They left San Antonio at four in the morning. Their mother had given no explanation for waking the boys up, dressing them, and loading them into the back of their station wagon. The younger boy, Paddy, couldn’t wake up. He stumbled around sucking his thumb and clinging to the stuffed rabbit that he slept with. Charley, the big brother, was old enough to know you don’t get up in the middle of the night and drive away.
“Momma, where are we going?”
“Your grandmother’s. If we leave now, we’ll be there by lunch!” She stuffed her clothes into a suitcase. “She’ll be so happy to see us!”
Charley stood in the doorway of her bedroom. He watched her, tried to suss out meaning from her face.
Two hours later, the sun rose behind them as they cruised along the empty interstate. “Mommy.” Paddy was rocking back and forth. “Mommy, I have to go.”
Their mother didn’t say a word. Charley spoke up. “Momma. Pat needs to pee.” “Ok,” she said. “Ok.”
Charley watched his brother, saw him strain against his seatbelt. “Momma, he needs to go now.”
“Please mommy,” Paddy was squinting his eyes with effort.
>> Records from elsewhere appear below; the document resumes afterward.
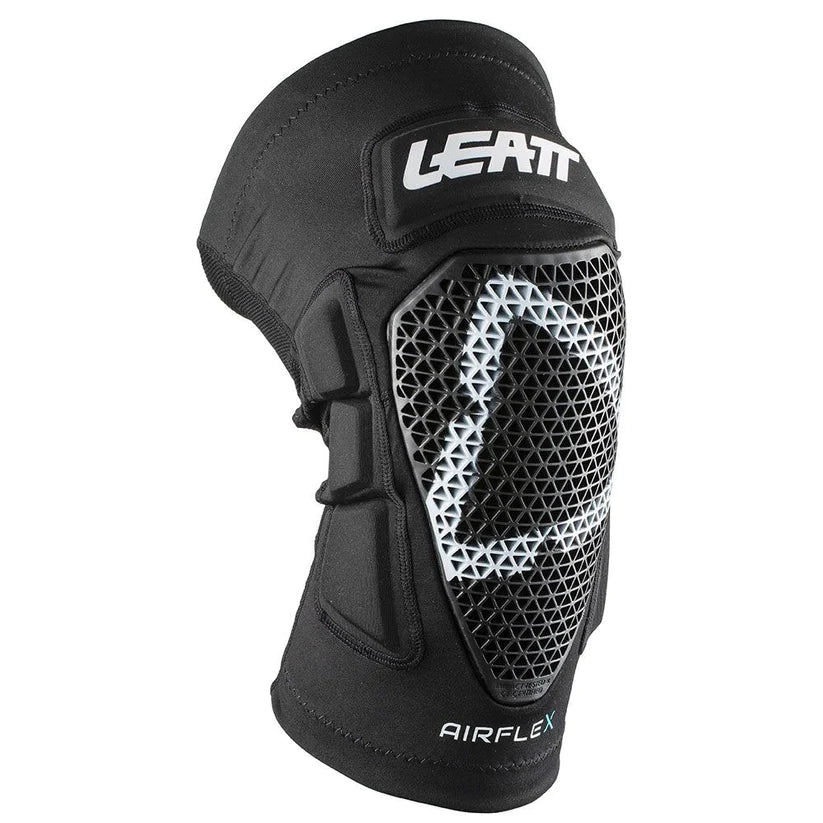LEATT AirFlex Pro Knee Guard - Black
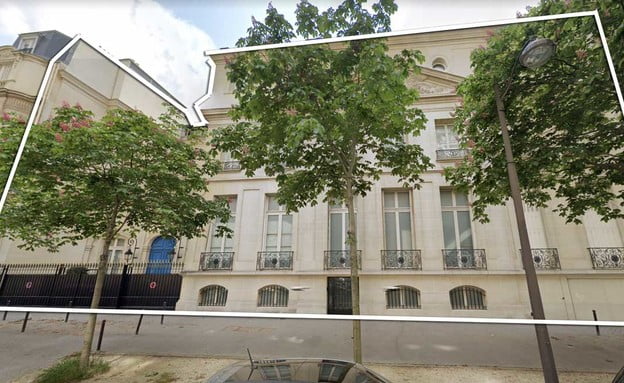 Le roi du maroc s'offre un hôtel particulier à Paris
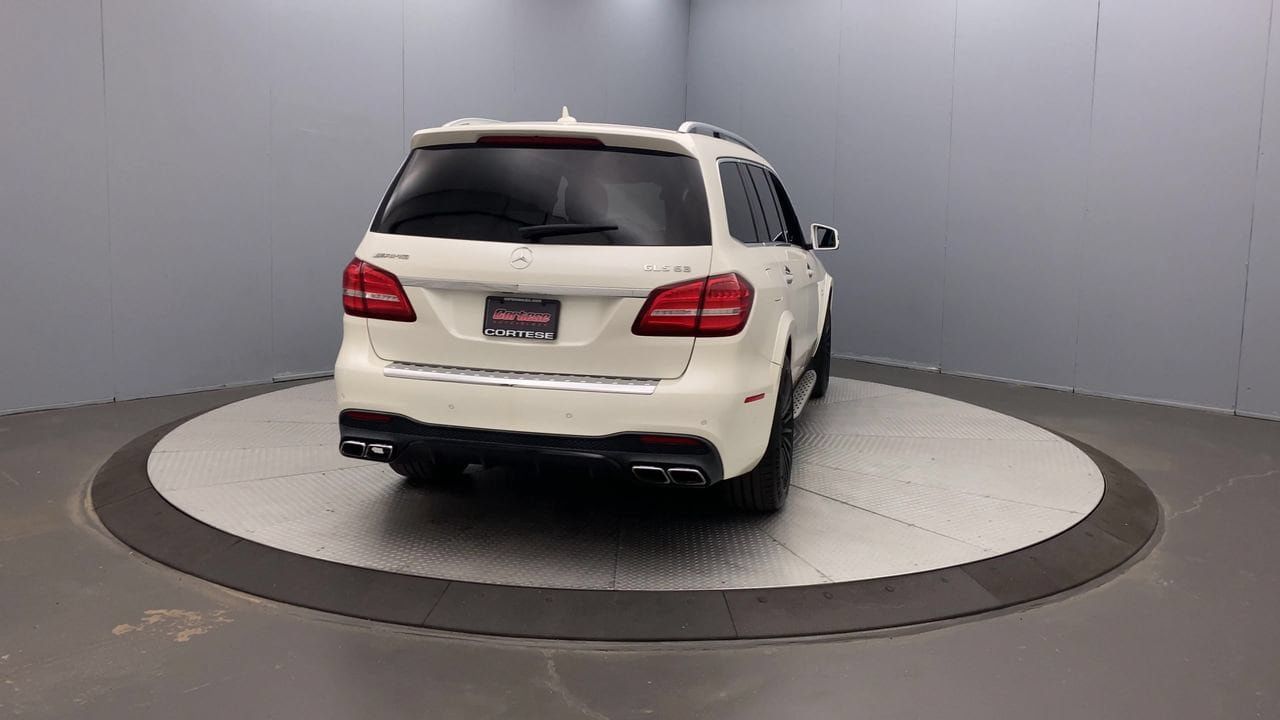 Used 2017 Mercedes-Benz GLS 63 AMG 4MATIC image 4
“OK,” their mother replied again. “We’ll be in Sonora in twenty minutes.” “I don’t think he can wait.”
She drove. Charley looked for a bottle or cup. Before he could find one Paddy started crying. A wet spot developed in the front of his jeans and all over the back seat where he sat.
Charley moved closer to his door. “Momma, Paddy peed!” “What? Paddy?”
Paddy sat still, head down, crying.
She pulled the car over. They were sitting there, just below the top of a hill, in silence.
When she turned around, tears were running down her face. “Dammit! Dammit, Paddy! Why didn’t you hold it?”
Charley shot back in defense of his brother. “It’s not his fault! He told you he had to go! I told you! Why are we out here! I want to go home!”
He could see her knuckles flexing as she held the wheel, looking straight ahead. A minute passed. Then, with grace and swiftness, she was out the door, walking around to his side. She opened it. “Come.’ Her voice was sweet, no longer cutting. It was smooth and beautiful, the way he imagined milk and honey tasted.
He got out with her and she held his hand. She led him to a barbed wire fence ten yards from the asphalt. The fence was old, the posts disintegrating. She took hold of it, careful of the barbs, and leaned forward.
“Charles,” she said. “What do you see out there?” “Where, momma?”
“Out there,” she threw her chin forward to indicate. “Everywhere.”
“I don’t know, momma.” He wasn’t sure if this was a well laid trap, whether the anger of the car was lurking behind her soft words.
“Alright, son, I’ll tell you.” She stood up straight. “Everything out there, everything we see when we cross that ridge. All of it. It isn’t ours.”
She draped her arm over his shoulder and pulled him closer. “It isn’t ours, son. And none of it ever will be.”